Sin embargo, debido a la altura de la cama Rhyme no podía ver nada salvo un cielo brumoso que cubría Central Park. Eso y los pájaros había sido casi lo único que había visto desde que saliera del último hospital de rehabilitación hacía dos años y medio. La mayor parte del tiempo tenía las cortinas echadas.

Thom estaba ocupado dando la vuelta a su jefe, maniobra que ayudaba a éste a tener los pulmones limpios; luego le pondría la sonda vesical, que debía cambiarse cada cinco o seis horas. Después de una lesión de la médula espinal, los esfínteres pueden quedar abiertos para siempre o cerrados para siempre. Rhyme tuvo la «suerte» de que le ocurriera esto último, y de poder disponer de alguien cerca para abrirle el conducto obstruido con un catéter y un gel especial cuatro veces al día.

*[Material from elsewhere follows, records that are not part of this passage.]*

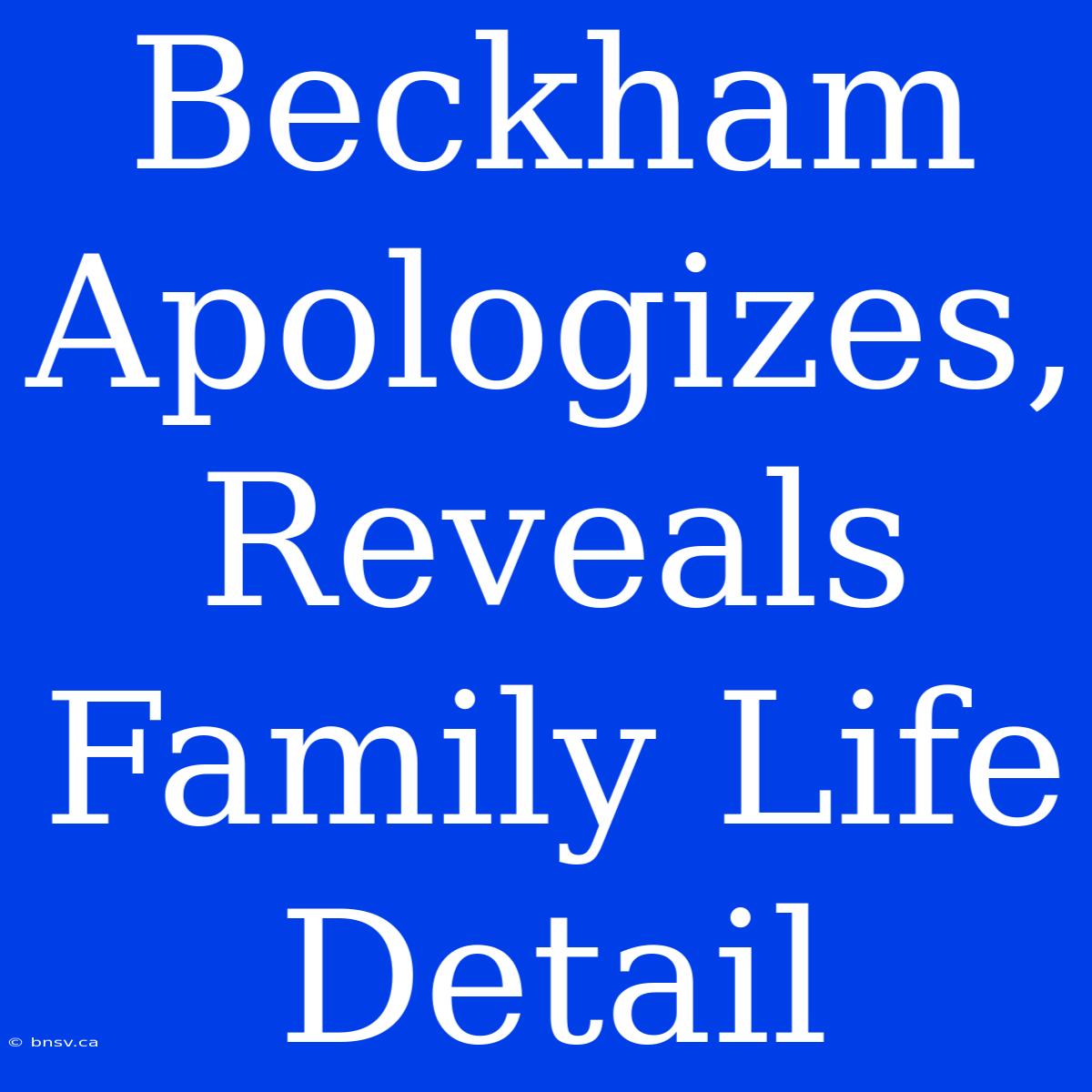 Beckham Apologizes, Reveals Family Life Detail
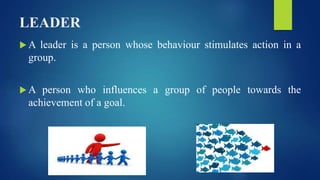 LEADER
 A leader is a person whose behaviour stimulates action in a
group.
 A person who influences a group of people towards the
achievement of a goal.
 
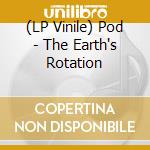 (LP Vinile) Pod - The Earth's Rotation vinile
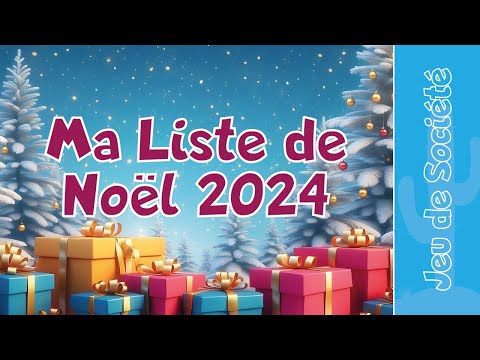 Ma liste de jeux de société pour Papa Noël 2024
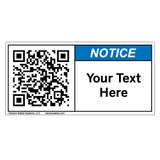 Custom QR Code Label - Notice
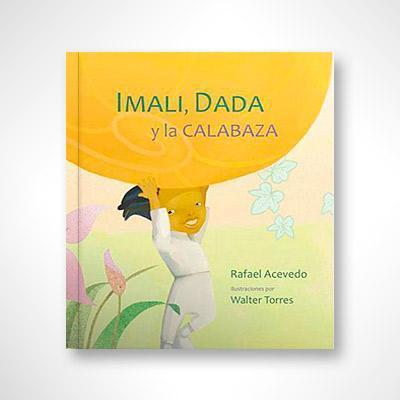 Imali, Dada y la Calabaza-Rafael Acevedo-Libros787.com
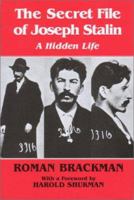 The Secret File of Joseph Stalin: A Hidden Life 0714650501 Book Cover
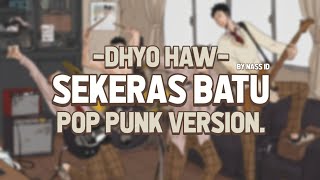 Download lagu Dhyo Haw - Sekeras Batu (Pop Punk Cover) by Nass ID mp3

El doctor Berger observaba esa maniobra clínica sin que a Rhyme le importase la falta de intimidad. Una de las primeras cosas que los tullidos pierden es el pudor. Si bien algunos intentan un débil esfuerzo por cubrirse, envolviendo, o pidiendo que les envuelvan, el cuerpo con la sábana durante el aseo, para evacuar o ser explorados, los tullidos graves, los auténticos tullidos tipo «macho» no se preocupan de eso. En el primer centro de rehabilitación donde había estado Rhyme, cuando un paciente asistía a una fiesta o había tenido una cita la noche anterior, todos los compañeros de habitación se acercaban con sus sillas de ruedas a la cama para comprobar el flujo de orina, que era el barómetro de lo exitosa que había resultado la salida. Una vez Rhyme se ganó la eterna admiración de sus colegas, que registraron una asombrosa micción de 1430 cc.

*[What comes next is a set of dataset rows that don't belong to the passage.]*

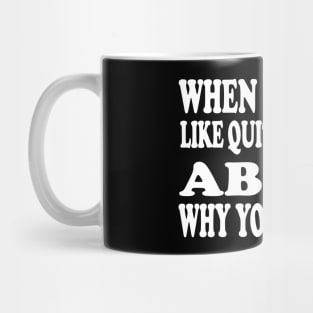 When You Feel Like Quitting Think About Why You Started - Motivational Words Mug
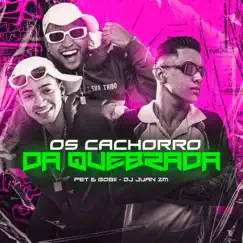 Os Cachorro da Quebrada (feat. Pet & Bobii) - Single by DJ Juan ZM album reviews, ratings, credits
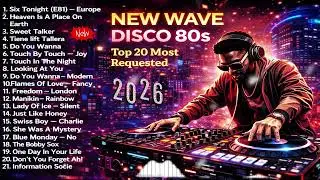 Top 20 Most Requested New Wave Disco 80s Nonstop Remix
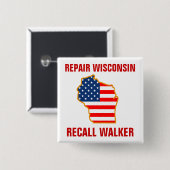 Reparatie Wisconsin, Recall Walker Vierkante Button 5,1 Cm (Voorkant /achterkant)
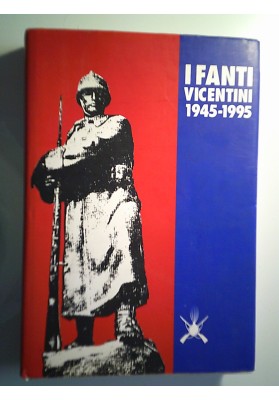 I FANTI VICENTINI 1945 - 1995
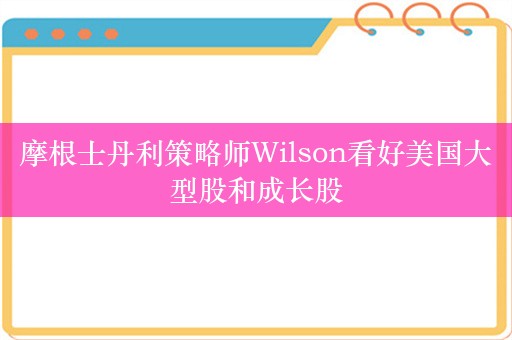 摩根士丹利策略师Wilson看好美国大型股和成长股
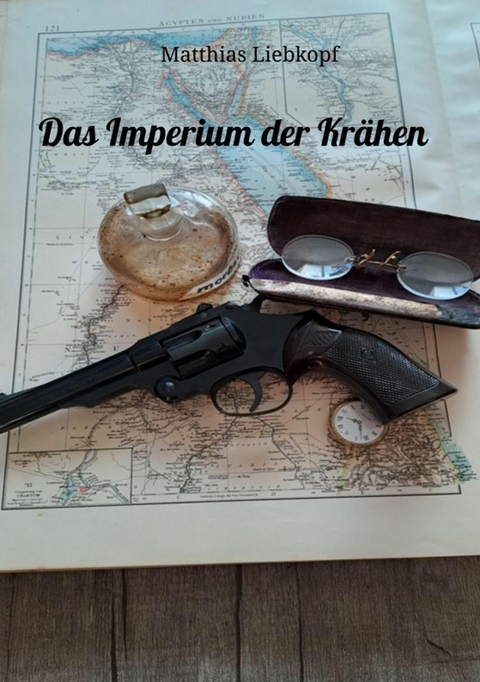 Das Imperium der Kr&auml;hen -  Matthias Liebkopf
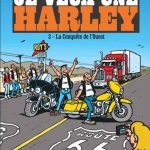 BD "Je veux une Harley" : le tome 3 est sorti !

—Mira el alféizar, doctor —le dijo Rhyme a Berger—. Tengo mis propios ángeles de la guarda.

—Vaya… ¿Halcones?

—Halcones peregrinos. Suelen anidar más alto. No sé por qué han elegido vivir conmigo.

Berger observó a los pájaros, luego se alejó de la ventana y volvió a echar la cortina. La ornitología no le interesaba. No era un hombre grande pero parecía en buena forma, debía correr habitualmente, suponía Rhyme. Parecía que le quedaba poco para cumplir los cincuenta aunque tenía el pelo completamente negro, sin una sola cana, y era tan apuesto como un presentador de telediario.

—¡Qué cama tan estupenda!

—¿Te gusta?

La cama era una Clinitron, un enorme bloque rectangular. Era una cama con soporte de aire y cerca de una tonelada de perlas de silicona. El aire a presión fluía entre las perlas, dando apoyo al cuerpo de Rhyme. Si hubiera tenido sensibilidad se habría sentido como si flotase.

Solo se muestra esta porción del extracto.